Me too. I have one on my 425


----------



## Raymond Little (Aug 2, 2006)

Tom, have you tried a Mercury compensator in the butt stock? What kind of $$ is considered minimal? It's a Citori man, spring for the $19.99.


----------



## Thomas D (Jan 27, 2003)

That was my point. Most recoil redcucers are fairly minimal in price. It's not a big gamble even if it doesn't work. 

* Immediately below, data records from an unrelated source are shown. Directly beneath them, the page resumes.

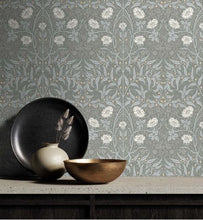 Load image into Gallery viewer, STENCILED FLORAL PEEL AND STICK WALLPAPER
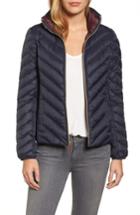 Women's Michael Michael Kors Chevron Quilted Packable Down Puffer Jacket With Stowaway Hood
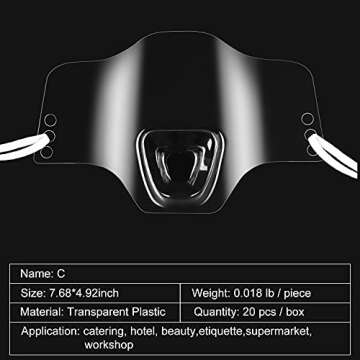 GagetElec 20 PCS Open Face Guard Mouth Cover with Adjustable Strap and Anti-Spitting Clear Mouth Cover for Restaurant,Food Truck,Beauty and Salon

Do you have a Mecury Compensator on a Citori?


----------



## Raymond Little (Aug 2, 2006)

Nope, can't afford them high $$ guns just to shoot ducks down here. Worked with a guy who was a ranked sporting clays shooter who said they did wonders when shooting a 1000 rounds a week. Good luck with your search .


----------



## Golddogs (Feb 3, 2004)

Thomas D said:


> Anyone have a Kick-Eez on a Citori or similar O/U? Was wondering about the recoil reduction and if was worth the expense (even though fairly minimal).
> 
> I shoot left and can't really find a suitable left handed semi auto.


I have a Limbsaver on mine and it helps a lot over the hard rubber one Browning uses. You will need to get a grind to fit, but it is worth the $$ IMO.


----------



## Paul Frey (Jun 15, 2012)

I have one on my Beretta 682. I really like it. 100 rounds of sporting clays and I'm fine (although i am a pretty big guy).


----------